- WHAT IS REQUIRED
Print, please, exactly the lines from the one with "Рятувальників, котрі допомагали" through the final line of the data below, with both ends included and the pictures left out.

Records excerpted from a collection:
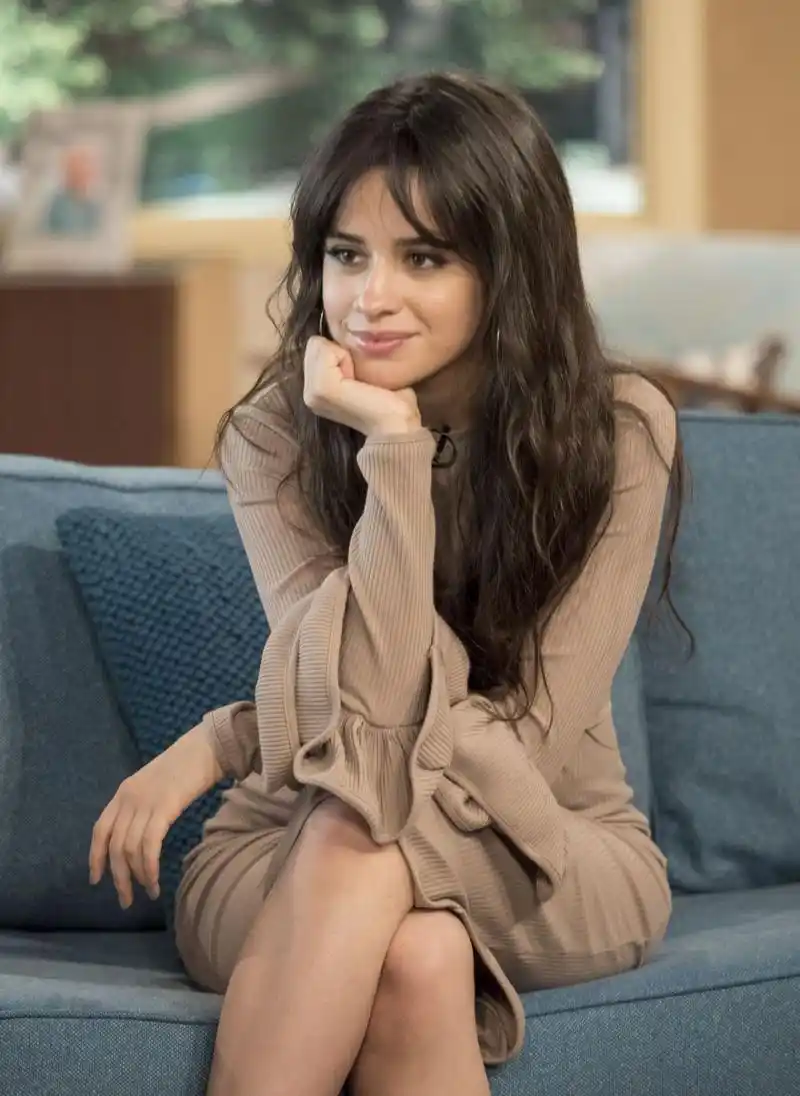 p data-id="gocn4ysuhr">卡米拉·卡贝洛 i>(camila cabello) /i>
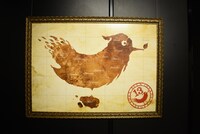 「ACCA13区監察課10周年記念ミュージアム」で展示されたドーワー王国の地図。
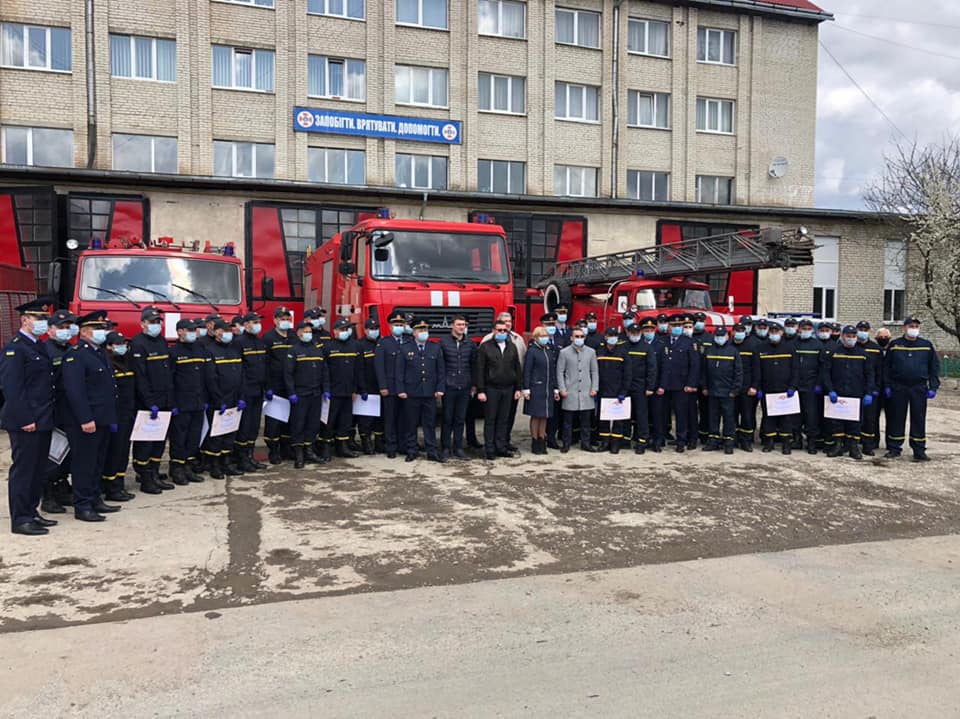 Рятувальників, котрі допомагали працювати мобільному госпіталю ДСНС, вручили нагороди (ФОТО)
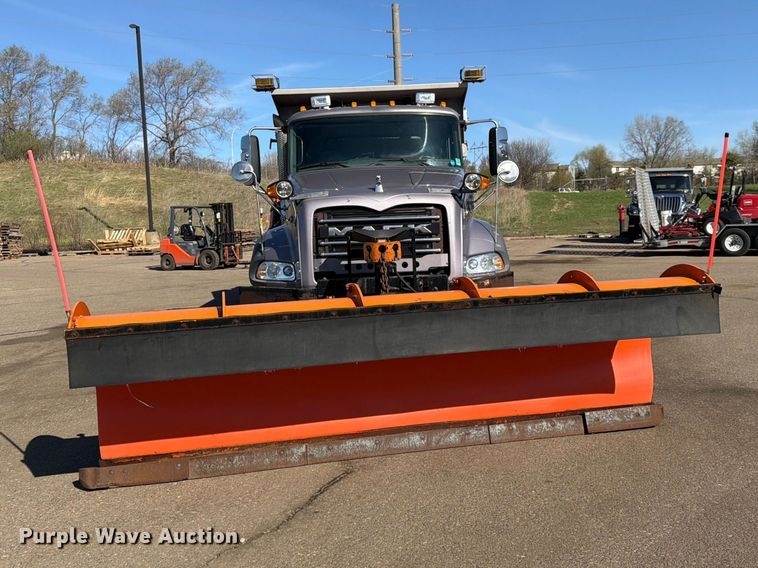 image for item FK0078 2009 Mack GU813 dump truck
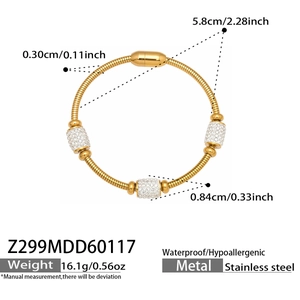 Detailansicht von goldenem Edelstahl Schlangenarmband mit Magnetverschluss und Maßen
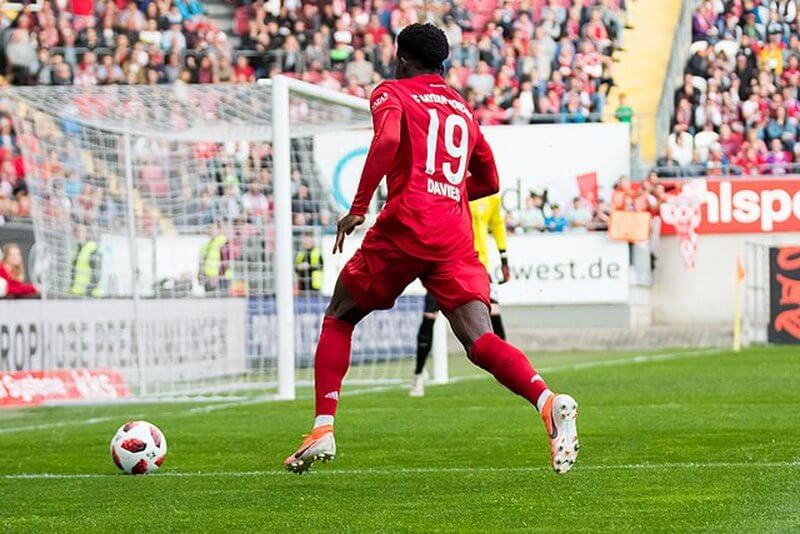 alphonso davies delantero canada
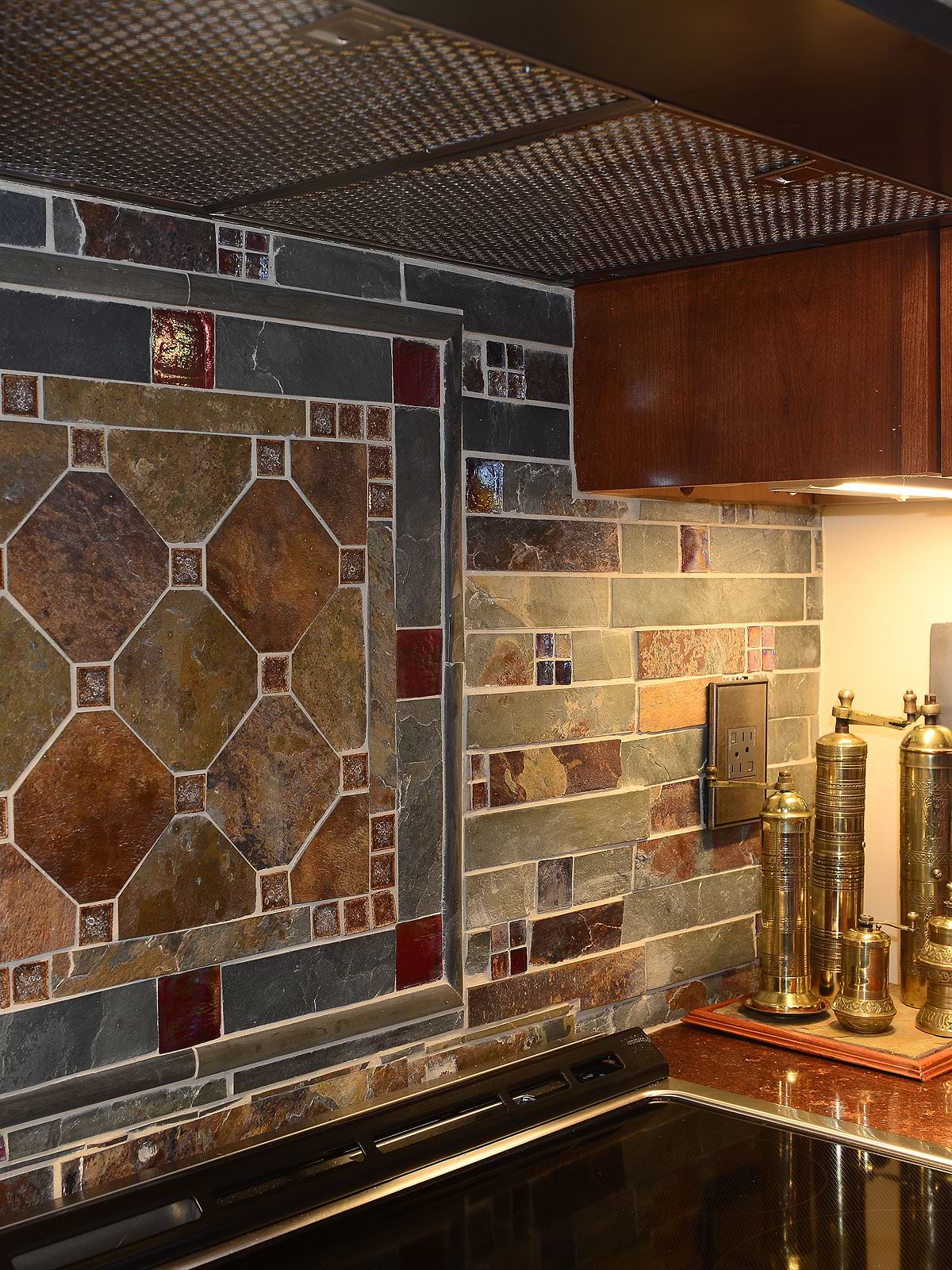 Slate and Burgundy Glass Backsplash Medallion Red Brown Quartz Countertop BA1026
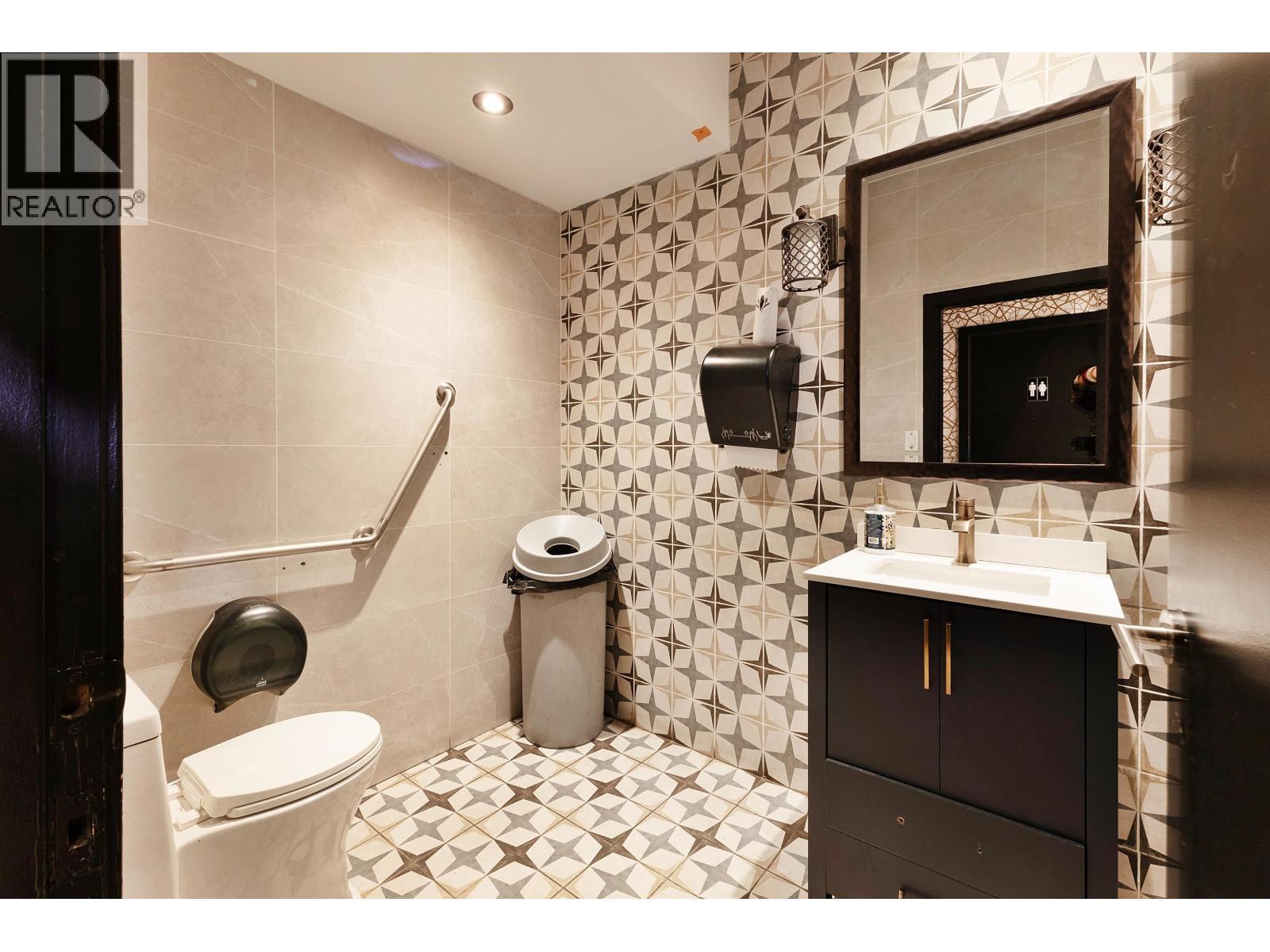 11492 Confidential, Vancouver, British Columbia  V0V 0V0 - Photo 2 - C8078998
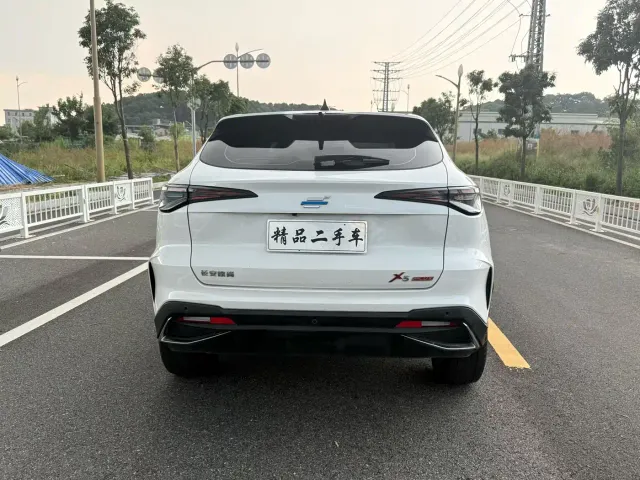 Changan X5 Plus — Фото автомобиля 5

- RESPONSE TO THIS TASK
 Рятувальників, котрі допомагали працювати мобільному госпіталю ДСНС, вручили нагороди (ФОТО)
 image for item FK0078 2009 Mack GU813 dump truck
 Detailansicht von goldenem Edelstahl Schlangenarmband mit Magnetverschluss und Maßen
 alphonso davies delantero canada
 Slate and Burgundy Glass Backsplash Medallion Red Brown Quartz Countertop BA1026
 11492 Confidential, Vancouver, British Columbia  V0V 0V0 - Photo 2 - C8078998
 Changan X5 Plus — Фото автомобиля 5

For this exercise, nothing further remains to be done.